# [PROBLEM REQUIREMENTS]
Would you print the data below exactly, leaving out every picture?

Start of MATERIAL PROVIDED

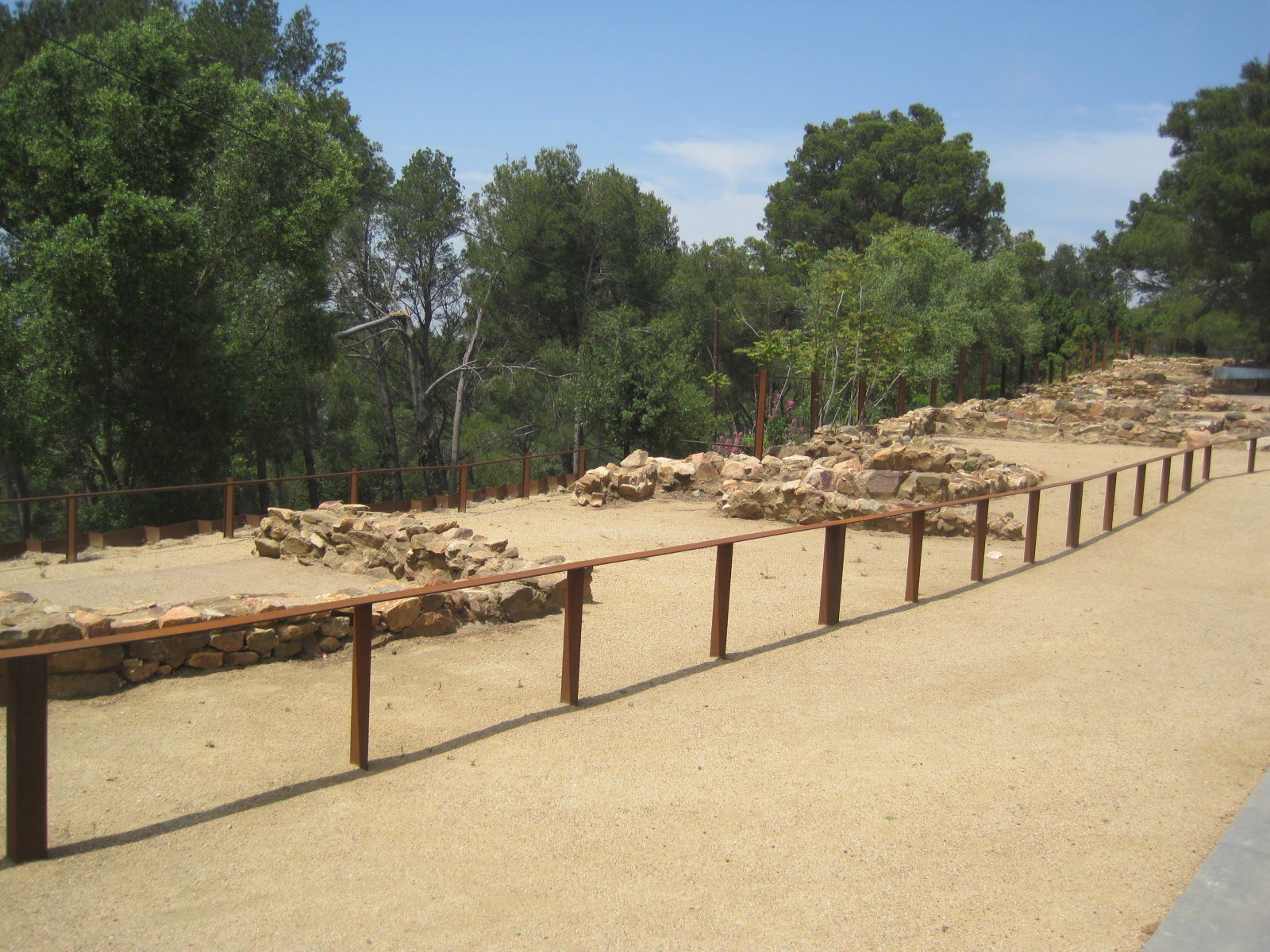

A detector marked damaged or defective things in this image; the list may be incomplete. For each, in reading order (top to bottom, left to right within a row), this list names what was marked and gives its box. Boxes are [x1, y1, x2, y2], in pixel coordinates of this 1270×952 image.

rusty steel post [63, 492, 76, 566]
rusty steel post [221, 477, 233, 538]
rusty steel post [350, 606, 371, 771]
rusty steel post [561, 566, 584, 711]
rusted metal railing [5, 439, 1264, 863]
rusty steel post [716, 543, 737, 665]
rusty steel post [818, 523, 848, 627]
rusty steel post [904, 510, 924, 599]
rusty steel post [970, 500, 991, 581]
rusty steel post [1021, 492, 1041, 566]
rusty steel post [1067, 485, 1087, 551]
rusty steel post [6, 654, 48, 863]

End of MATERIAL PROVIDED

# [ANSWER AREA]
A detector marked damaged or defective things in this image; the list may be incomplete. For each, in reading order (top to bottom, left to right within a row), this list names what was marked and gives its box. Boxes are [x1, y1, x2, y2], in pixel coordinates of this 1270×952 image.

rusty steel post [63, 492, 76, 566]
rusty steel post [221, 477, 233, 538]
rusty steel post [350, 606, 371, 771]
rusty steel post [561, 566, 584, 711]
rusted metal railing [5, 439, 1264, 863]
rusty steel post [716, 543, 737, 665]
rusty steel post [818, 523, 848, 627]
rusty steel post [904, 510, 924, 599]
rusty steel post [970, 500, 991, 581]
rusty steel post [1021, 492, 1041, 566]
rusty steel post [1067, 485, 1087, 551]
rusty steel post [6, 654, 48, 863]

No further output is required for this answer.